In the Fig., the upper curve represents the vapour pressure - temperature dependance of the pure solvent. The lower curve represents the vapour pressure - temperature dependance of a dilute solution with known concentration. It is evident that the vapour pressure of the solution is lower than that of the pure solvent at every temperature. The temperature T^o gives the boiling point of the pure solvent and T the boiling point of the pure solution. This is because at these temperatures (T^o, T) the vapour pressures of pure solvent and solution becomes equal to the atmospheric pressure.

The elevation of boiling point = ∆T_b = T - T⁰

Elevation of boiling point is found directly proportional to the molality of the solution (or) inturn the number of molecules of solute. Also it is independent of the nature of the solute for a non-volatile solute. Hence, boiling point elevation is a colligative property.

Thus it may be written as

∆T_b prop to m

Determination of molecular weight from boiling point elevation

By measuring the boiling point elevation of a solution of a known concentration, it is possible to calculate molecular weight of a non-volatile non-electrolyte solute.

∆T_b prop to m

∆T_b = K_b m

The proportionality constant Kb is characteristic of the solvent and it is called the molal boiling point elevation constant or ebullioscopic constant. It is defined as the elevation of boiling point of one molal solution.

When n₂ moles of the solute is dissolved in W₁ kg of the solvent, the molality is given by n₂/W₁.

∆T_b =  Kb W2   /  M2W1

Since W₂, is the weight of the solute, we can calculate the molecular weight of the solution using the following expression.

M2 = Kb . W2 / ∆T_bW₁

Molal Elevation (Ebullioscopic) constants (One mole of solute per 1000 grams of solvent)

Solvent       B. Pt K       Kb (K.kg.mole^-1)

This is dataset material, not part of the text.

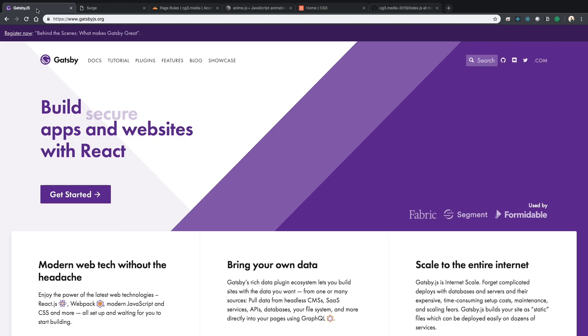Yo, thanks for checking out my channel. I'm Cory, and today we're going to talk about how I rebuilt my website using Gatsby.js, Surge.SH, and React. So let's just hop right into it.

Water          373.00        0.52

Benzene      353.10        2.57

Methanol    337.51        0.81

Ethanol       351.33        1.20

Carbon tetra chloride     349.72        5.01

Chloroform 334.20        3.88

Acetic acid  391.50        3.07

Acetone      329.15        1.72

Carbon disulphide         319.25        2.41

Phenol        455.10        3.56

Determination of elevation of boiling point by Cottrell's Method

The apparatus (Fig.) consists of a boiling tube (a) which is graduated and contains weighed amount of the liquid under examination. An inverted funnel tube (b) placed in the boiling tube collects the bubbles rising from a few fragments of a porous pot placed inside the liquid. When the liquid starts boiling, it pumps a stream of a liquid and vapour over the bulb of the Beckmann thermometer (f) held a little above the liquid surface. In this way, the bulb is covered with a thin layer of boiling liquid which is in equilibrium with the vapour. This ensures that the temperature reading is exactly that of the boiling liquid and that superheating is minimum. After determining the boiling point of the pure solvent, a weighed amount of the solute is added and procedure is repeated for another reading. The vapours of the boiling liquid is cooled in a condenser (C) which has circulation of water through (d) and (e). The cooled liquid drops into the liquid in (a).